-- EXCERPTED DATA follows --

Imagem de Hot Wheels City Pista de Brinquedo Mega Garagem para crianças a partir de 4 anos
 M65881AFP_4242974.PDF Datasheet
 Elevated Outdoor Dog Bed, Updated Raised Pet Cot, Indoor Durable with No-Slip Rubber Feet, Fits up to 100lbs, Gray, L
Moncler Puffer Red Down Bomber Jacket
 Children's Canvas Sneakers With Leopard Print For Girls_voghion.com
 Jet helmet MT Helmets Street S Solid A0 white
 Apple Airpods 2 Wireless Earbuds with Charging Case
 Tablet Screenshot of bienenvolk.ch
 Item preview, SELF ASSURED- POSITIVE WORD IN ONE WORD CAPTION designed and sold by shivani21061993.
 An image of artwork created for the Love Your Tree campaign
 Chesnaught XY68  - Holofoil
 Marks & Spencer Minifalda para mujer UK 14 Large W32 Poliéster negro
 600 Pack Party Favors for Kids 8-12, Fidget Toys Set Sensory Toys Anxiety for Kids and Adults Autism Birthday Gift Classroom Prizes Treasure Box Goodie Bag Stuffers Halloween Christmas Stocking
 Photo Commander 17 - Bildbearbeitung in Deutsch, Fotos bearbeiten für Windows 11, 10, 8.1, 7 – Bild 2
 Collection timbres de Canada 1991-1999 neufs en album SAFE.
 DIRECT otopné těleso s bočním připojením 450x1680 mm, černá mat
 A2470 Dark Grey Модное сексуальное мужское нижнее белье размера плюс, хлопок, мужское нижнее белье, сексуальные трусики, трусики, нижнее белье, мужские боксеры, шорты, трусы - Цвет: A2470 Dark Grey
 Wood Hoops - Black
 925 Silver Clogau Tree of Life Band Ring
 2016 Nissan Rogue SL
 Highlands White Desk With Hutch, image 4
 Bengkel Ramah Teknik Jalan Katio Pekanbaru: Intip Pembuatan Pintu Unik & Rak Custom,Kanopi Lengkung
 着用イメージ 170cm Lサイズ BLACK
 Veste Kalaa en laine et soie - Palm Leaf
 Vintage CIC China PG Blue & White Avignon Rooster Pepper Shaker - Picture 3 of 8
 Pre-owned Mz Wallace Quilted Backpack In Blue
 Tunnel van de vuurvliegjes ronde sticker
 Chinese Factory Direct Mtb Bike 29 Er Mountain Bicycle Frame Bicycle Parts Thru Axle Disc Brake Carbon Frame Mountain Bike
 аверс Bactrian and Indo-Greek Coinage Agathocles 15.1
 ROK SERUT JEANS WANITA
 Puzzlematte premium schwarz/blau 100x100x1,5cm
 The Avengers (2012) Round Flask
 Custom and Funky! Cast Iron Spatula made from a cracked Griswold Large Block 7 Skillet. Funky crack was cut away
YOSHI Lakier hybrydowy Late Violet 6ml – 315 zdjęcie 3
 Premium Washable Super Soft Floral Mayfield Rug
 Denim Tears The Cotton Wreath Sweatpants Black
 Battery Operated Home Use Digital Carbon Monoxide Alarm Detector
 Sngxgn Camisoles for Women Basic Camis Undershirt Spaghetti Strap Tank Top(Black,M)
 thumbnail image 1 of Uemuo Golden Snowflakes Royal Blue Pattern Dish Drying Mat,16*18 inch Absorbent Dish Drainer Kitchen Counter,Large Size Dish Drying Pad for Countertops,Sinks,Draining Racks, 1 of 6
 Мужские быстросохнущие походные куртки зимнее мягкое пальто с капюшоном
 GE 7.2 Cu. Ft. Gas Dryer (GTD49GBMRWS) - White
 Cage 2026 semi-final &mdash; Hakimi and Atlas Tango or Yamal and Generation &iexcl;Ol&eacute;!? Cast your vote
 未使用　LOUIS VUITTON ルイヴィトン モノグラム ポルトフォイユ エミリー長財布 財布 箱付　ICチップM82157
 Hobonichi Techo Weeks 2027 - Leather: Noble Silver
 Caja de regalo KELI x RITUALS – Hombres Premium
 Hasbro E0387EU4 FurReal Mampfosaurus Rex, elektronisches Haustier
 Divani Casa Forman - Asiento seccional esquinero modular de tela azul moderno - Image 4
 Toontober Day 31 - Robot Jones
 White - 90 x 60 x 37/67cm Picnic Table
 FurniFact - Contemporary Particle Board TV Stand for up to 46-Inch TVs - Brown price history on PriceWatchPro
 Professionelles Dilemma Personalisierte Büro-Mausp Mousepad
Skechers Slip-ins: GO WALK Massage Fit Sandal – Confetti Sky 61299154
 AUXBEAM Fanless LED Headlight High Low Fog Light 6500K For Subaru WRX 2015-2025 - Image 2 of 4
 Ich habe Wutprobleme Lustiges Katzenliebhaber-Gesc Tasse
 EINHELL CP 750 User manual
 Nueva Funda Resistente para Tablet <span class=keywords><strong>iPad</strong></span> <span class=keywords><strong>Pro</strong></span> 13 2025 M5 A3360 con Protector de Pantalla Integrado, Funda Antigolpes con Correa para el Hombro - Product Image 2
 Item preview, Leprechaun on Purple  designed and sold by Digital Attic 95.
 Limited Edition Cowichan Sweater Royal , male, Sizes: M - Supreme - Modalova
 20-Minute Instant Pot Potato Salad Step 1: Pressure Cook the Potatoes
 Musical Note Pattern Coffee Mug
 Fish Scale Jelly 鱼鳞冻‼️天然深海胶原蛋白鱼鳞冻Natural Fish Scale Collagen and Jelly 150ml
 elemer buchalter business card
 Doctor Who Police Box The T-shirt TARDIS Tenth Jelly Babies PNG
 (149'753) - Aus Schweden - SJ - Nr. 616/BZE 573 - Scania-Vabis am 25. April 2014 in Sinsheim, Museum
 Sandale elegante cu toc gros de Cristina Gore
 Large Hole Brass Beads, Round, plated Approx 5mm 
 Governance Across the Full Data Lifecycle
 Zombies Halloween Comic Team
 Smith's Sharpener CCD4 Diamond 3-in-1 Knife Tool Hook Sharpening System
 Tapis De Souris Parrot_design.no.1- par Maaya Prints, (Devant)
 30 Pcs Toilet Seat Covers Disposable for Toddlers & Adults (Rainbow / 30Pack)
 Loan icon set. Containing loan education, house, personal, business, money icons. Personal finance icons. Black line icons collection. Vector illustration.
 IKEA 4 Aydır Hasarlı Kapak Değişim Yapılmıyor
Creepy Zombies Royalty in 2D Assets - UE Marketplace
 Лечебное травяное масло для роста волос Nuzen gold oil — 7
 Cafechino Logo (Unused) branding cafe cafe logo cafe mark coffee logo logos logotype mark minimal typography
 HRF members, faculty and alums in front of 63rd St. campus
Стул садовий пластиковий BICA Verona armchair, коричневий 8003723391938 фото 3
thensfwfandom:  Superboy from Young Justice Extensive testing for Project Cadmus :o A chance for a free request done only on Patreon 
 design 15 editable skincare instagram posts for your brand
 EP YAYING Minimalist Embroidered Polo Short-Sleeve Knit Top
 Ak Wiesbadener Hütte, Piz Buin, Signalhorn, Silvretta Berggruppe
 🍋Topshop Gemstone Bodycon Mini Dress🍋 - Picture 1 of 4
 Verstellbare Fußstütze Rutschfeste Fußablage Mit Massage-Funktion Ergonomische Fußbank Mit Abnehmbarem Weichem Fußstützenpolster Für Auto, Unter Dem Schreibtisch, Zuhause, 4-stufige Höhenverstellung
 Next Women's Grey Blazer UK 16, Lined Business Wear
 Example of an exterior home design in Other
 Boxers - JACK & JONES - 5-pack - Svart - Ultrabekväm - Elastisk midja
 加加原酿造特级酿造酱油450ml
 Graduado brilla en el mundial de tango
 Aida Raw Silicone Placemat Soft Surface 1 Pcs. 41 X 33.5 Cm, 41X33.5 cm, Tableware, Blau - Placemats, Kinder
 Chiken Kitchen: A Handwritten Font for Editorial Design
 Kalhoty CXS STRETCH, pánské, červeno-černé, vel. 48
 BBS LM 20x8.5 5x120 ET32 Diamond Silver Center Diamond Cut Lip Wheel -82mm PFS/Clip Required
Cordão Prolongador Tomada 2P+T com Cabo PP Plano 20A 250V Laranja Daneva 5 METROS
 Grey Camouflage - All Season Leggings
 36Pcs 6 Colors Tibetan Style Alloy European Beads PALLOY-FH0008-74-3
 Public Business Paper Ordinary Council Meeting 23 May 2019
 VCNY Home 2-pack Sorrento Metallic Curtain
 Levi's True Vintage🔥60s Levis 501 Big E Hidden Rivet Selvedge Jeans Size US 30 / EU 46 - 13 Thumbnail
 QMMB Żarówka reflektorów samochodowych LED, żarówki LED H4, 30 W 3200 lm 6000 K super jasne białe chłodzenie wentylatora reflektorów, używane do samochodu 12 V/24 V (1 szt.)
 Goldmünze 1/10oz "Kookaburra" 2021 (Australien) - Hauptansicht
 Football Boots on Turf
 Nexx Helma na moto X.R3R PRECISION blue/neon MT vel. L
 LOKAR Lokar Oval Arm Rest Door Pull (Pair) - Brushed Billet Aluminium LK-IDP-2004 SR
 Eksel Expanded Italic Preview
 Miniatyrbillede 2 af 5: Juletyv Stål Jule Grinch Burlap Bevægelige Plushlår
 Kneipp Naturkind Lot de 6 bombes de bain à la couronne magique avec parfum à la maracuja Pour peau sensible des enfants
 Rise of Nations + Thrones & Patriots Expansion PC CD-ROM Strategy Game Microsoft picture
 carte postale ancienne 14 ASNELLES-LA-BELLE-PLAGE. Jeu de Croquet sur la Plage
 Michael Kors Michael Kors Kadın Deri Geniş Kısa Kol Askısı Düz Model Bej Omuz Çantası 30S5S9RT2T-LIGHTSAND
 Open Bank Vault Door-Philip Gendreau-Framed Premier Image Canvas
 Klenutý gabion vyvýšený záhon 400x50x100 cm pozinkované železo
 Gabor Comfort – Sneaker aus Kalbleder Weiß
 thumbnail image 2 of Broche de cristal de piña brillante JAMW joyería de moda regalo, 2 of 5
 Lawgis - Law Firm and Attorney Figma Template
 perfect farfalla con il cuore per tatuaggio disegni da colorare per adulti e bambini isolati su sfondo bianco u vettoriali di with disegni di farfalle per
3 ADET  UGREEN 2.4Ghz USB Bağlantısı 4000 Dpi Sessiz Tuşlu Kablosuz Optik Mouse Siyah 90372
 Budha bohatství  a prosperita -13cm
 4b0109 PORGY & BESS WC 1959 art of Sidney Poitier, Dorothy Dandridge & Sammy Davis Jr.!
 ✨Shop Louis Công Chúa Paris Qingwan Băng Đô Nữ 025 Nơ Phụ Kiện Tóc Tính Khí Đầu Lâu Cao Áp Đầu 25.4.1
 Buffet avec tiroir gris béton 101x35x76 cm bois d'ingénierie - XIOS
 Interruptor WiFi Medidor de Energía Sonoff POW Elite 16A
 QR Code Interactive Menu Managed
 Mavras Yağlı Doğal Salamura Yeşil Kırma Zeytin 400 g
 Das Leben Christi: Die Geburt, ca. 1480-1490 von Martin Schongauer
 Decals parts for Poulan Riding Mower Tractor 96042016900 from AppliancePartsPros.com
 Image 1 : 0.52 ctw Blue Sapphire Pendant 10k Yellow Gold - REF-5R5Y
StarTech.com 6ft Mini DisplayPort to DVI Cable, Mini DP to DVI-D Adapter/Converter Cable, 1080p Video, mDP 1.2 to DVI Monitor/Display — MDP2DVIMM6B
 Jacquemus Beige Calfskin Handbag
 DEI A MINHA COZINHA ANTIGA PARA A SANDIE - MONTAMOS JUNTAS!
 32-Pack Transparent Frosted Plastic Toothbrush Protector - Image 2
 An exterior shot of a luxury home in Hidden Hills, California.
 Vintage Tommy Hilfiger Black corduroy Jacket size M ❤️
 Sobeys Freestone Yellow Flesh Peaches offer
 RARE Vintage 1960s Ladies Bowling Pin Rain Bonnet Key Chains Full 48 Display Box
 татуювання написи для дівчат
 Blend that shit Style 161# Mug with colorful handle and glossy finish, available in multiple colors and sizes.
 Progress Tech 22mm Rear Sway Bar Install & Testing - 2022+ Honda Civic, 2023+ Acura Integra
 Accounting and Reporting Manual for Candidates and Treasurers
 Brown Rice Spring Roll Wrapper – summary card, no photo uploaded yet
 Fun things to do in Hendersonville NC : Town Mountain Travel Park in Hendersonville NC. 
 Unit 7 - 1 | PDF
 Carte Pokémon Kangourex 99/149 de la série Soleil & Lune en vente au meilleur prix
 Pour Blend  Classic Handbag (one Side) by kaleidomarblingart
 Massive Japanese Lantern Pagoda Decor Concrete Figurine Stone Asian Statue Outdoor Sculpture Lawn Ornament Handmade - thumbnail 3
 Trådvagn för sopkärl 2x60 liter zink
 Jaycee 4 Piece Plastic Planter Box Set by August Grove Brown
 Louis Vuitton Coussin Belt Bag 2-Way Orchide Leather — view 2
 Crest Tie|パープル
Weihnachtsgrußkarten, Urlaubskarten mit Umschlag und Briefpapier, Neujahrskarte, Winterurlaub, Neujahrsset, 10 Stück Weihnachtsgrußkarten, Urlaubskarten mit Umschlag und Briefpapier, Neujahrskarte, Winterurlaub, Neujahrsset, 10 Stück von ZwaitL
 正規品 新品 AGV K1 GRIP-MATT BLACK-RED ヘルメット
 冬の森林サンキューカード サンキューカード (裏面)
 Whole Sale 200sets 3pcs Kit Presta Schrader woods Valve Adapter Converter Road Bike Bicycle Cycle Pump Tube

-- EXCERPTED DATA concluded --

_ACTIVITY_
All lines above in which the word "Hidden" occurs should be identified and copied.

_SOLUTION_
 Levi's True Vintage🔥60s Levis 501 Big E Hidden Rivet Selvedge Jeans Size US 30 / EU 46 - 13 Thumbnail
 An exterior shot of a luxury home in Hidden Hills, California.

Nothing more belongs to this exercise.